Multi-Core Software

Inside the Intel® 10.1 Compilers: New Threadizer and New Vectorizer for Intel® Core™2 Processors

ENHANCED LOOP OPTIMIZATIONS

Besides revamping the threadizer and vectorizer, in the Intel® 10.1 compilers, a single unified framework is designed primarily to provide better interaction among loop optimizations, threadizer, and vectorizer. The loop optimizations target cache and memory optimizations that are well known in the literature such as linear loop transformations, distribution, fusion, blocking, unroll-jam, loop-multi-versioning, and scalar replacement [7, 11, 12]. In order to derive the maximum possible performance for programs with effective threadization and vectorization, individual loop optimizations are enhanced and ordered in such a way as to achieve the best memory-locality while retaining the property that the innermost-loop can be efficiently vectorized. Similarly, optimizations are applied to a loop-nest to enable the threadization of the outer loop wherever possible, thus increasing the granularity of parallelism and reducing the overheads.

Loop Distribution Enhancements

Loop Distribution Pass-1 is invoked to generate more coarse-grained threadizable loops with statement re-ordering and grouping while preserving the correctness and perfect nested loops that enable further loop optimizations such as interchange.

Loop Distribution Pass-2 is invoked before vectorization. For each distributed loop, this groups together memory-references that have required stride, data-type, and alignment. These properties ensure efficient vectorization of each such loop (where vectorization is legal) making good use of the available micro-architectural resources. Loop distribution heuristics also trade off maximally distributing for vectorization against improving cache reuse for vectorized loops. Intel® Core™ micro-architecture features more write-combining buffers and larger data caches with higher associativity than previous generations. This enables better performance through vectorization without excessive loop distribution, thereby reducing vectorized loop overheads.

Loop Multi-versioning

The multi-versioning helps to deal with two potential roadblocks that prevent a loop from being vectorized or parallelized. The first roadblock is when the loop contains references with cross-iteration data dependencies. The second one is when the references' cross-iteration strides are unknown, e.g., dope vector based arrays in Fortran90. In either case, the multi-versioning module generates code that checks whether "required conditions" hold during runtime. It also generates different copies of the loop such that each copy is guarded under a different condition, and optimized according to the guarded condition.

For example, if a loop has references a(i) and b(i), and data dependence cannot prove that a and b do not overlap, there are two possible ways that multi-versioning can help. If the compiler decides that vectorization is important, versioning will generate a test to ensure that a(0) and b(0) are at least 16 bytes apart. If this condition is tested true at runtime, a version of the loop that has been vectorized will be run. Otherwise, a non-vectorized version of the loop will be run; the latter version may still be optimized in other ways (e.g., unroll). Both loop versions and the runtime test have been pre-generated into the executable by the compiler. The multi-versioning module generates the different loop versions, and it annotates their properties with internal directives that are then used by the vectorizer.
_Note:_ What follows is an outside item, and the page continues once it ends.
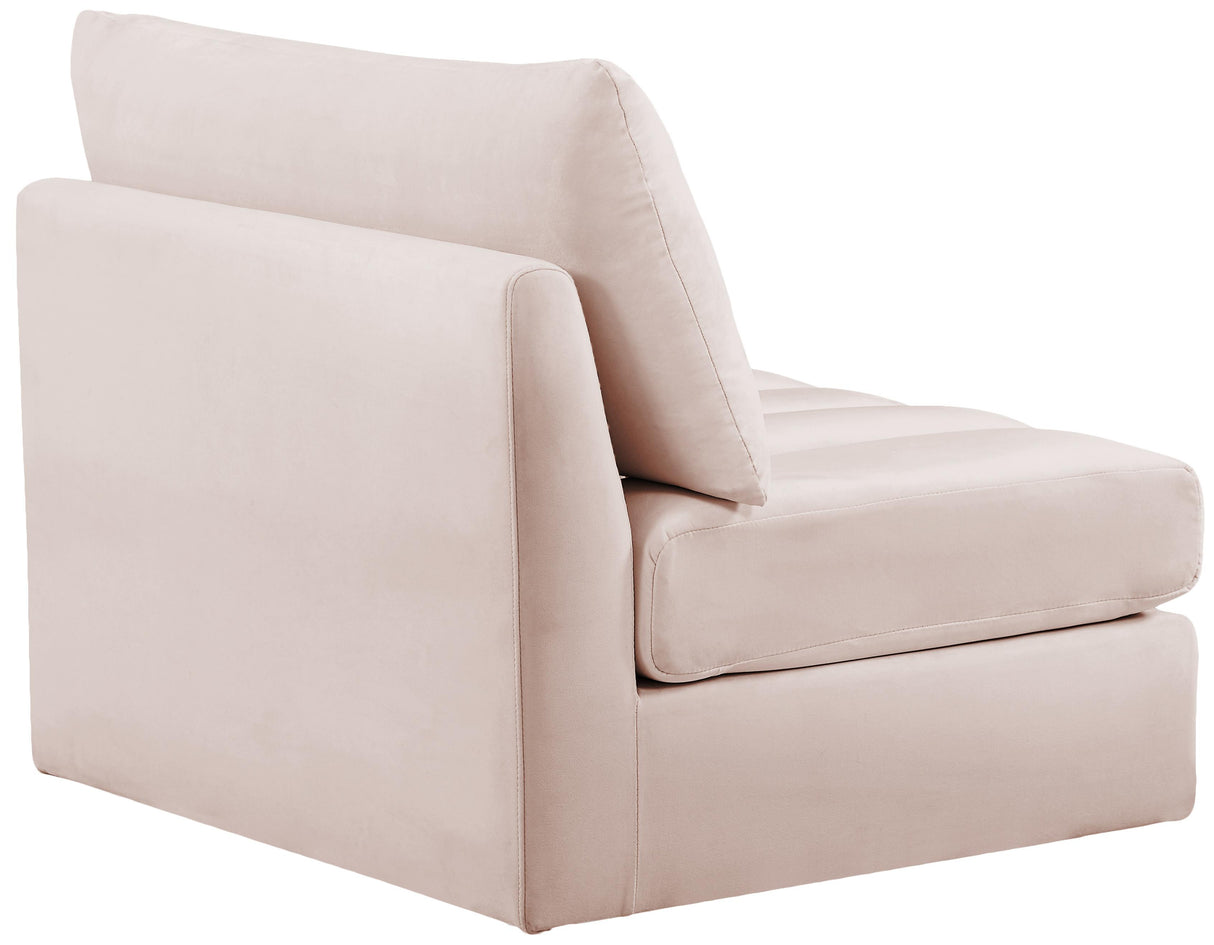 Jacob Pink Velvet Armless - galleria furniture outlet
On the other hand, if threadization is more important, versioning will generate a test to ensure that the arrays do not overlap (using the initial addresses of a and b, and the number of loop iterations). The loop version guarded by this independence test can then be safely parallelized.

Similarly, if a loop has references to dope vector-based arrays (e.g., assumed shape arrays), versioning can generate checks to examine the stride value of the arrays from the dope vectors during runtime. If the strides are all one, the loop may then be efficiently vectorized (assuming other vectorization conditions pass.)

The versioning uses a heuristic to decide on the number of the tests and number of versions of the loops, to reduce the impact on executable size.

Loop Blocking and Unrolling

The loop blocking and loop unrolling phases have been improved for the Intel Core micro-architectures. Based on our experience with application code, the enabling decisions and the optimization parameters have been modified to make the best use of the new cache architecture. The phase ordering of the blocking phase has also been modified with respect to the vectorization phase to extract the maximum benefit possible from these optimizations.

Vectorizer modifies simple inner loops to create vector loops. This leads to complex loop structure that is not amenable to blocking—there are several cases where vectorization degrades performance when compared to just loop blocking. Another loop-blocking phase has been added before vectorization, so that blocking can make better use of the cache, and later vectorization on the innermost blocked loop can further improve parallelism across loop iterations.

The loop blocking phase has also been enhanced in our new unified framework to get the best out of the Intel Core micro-architecture. Blocks or Tiles are used to hold data in the cache and are the stride factors for the outer block-controlling loops. Block or Tile-size selection algorithms are also improved. Our primary focus now is to improve cache locality at the L2 cache level. We try to enable more register re-use by performing unroll-jam (a.k.a register-blocking) of outer loops inside the inner blocked loops.

The mechanism that controls the enabling or disabling of the loop unrolling has been improved. Unrolling can lead to register pressure resulting in poor code performance due to register spills and fills. Besides the obvious cases, it is hard to predict at compile-time whether loop unrolling would help or degrade performance. Our implementation makes this decision based on various program and architectural parameters. Determination of loop unrolling factors also needs to be aware of register pressure in the inner loop. Our experience shows that small unroll factors are effective in most cases.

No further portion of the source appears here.